The Rollback, by Craig Cameron
Remember, two things all great performance horses have in common are athletic ability and quality training. These great horses have been taught to use their hindquarters effectively, and outstanding hindquarter maneuvers translate into balance and beauty.
One thing I’ve come to realize is that superior horsemanship, be it cutting, reining, barrel racing, jumping, dressage or any discipline, is a result of solid fundamentals. Teaching a horse to work off his hindquarters with position and balance is paramount and one of the keys to high-level performance.
The rollback performed properly is a maneuver to reverse directions quickly in a confined area. It is used extensively when working cattle as well as in the sport of reining. In a trail riding environment it might be the difference between getting hurt or staying safe in a dangerous situation.

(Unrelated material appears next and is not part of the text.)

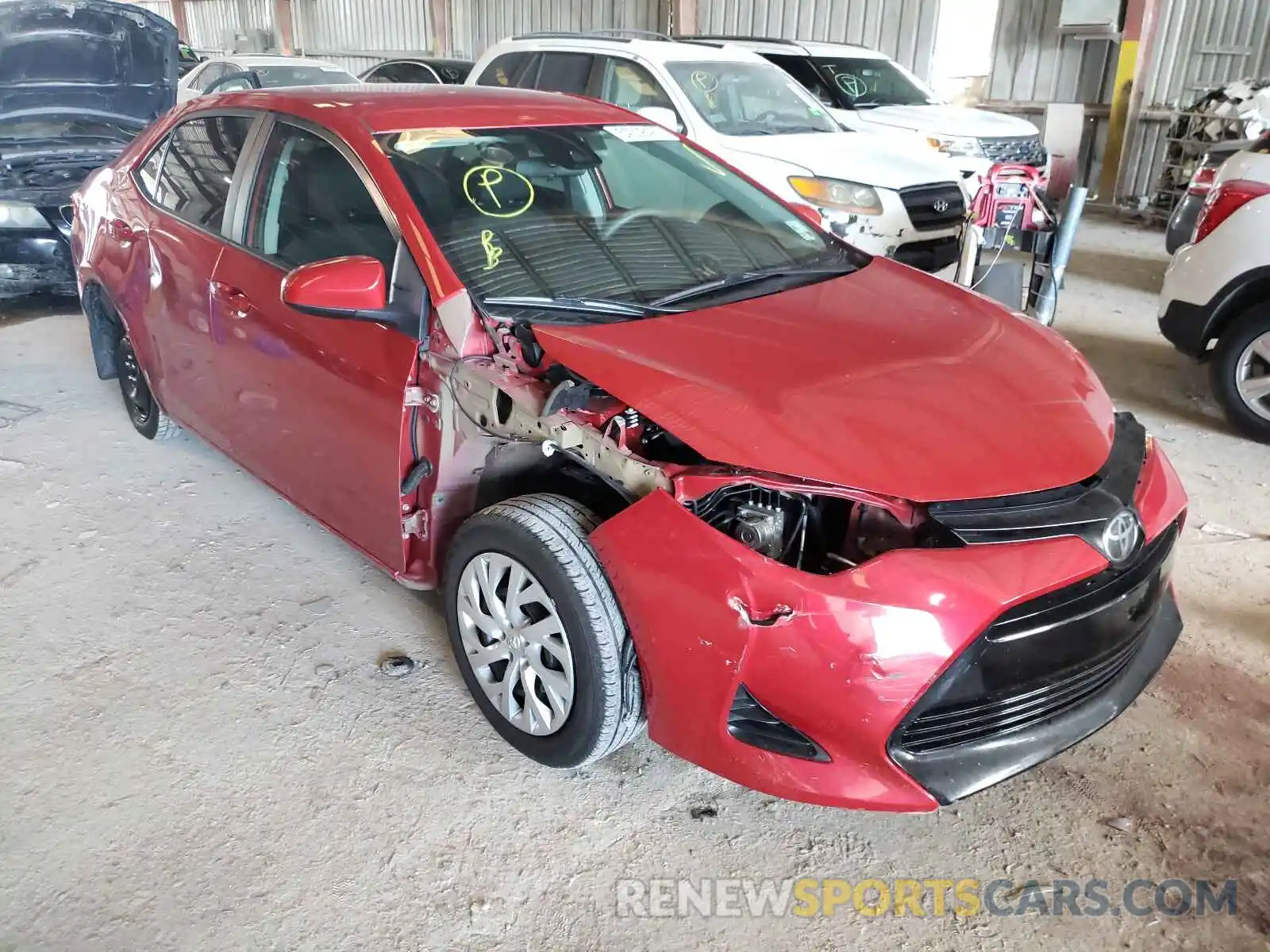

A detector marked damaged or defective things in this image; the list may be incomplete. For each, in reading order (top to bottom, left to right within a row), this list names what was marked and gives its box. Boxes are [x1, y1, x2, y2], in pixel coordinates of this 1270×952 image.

damaged hood [0, 0, 180, 130]
damaged hood [530, 257, 1118, 501]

Here is A BETTER WAY – Back into the Rollback
A good way to teach your horse to pivot off his hindquarters or if he’s sticky in his stops is to use the back-up to teach him the rollback. Hold a rein in each hand, ask your horse to back a few steps and as he’s backing, turn him, say to the right, with your right rein. The moment he initiates the turn, release and ride off. Stop again, back a few steps and as he’s backing, turn to the left with your left rein. Release when he turns. Ride off.
These exercises take you right into the rollback. It’s amazing how all of them work together. They build upon one another. A true rollback is a 180-degree turn on the hindquarters. The difference between a rollback and doubling is that you actually come to a stop in the rollback before you make the turn.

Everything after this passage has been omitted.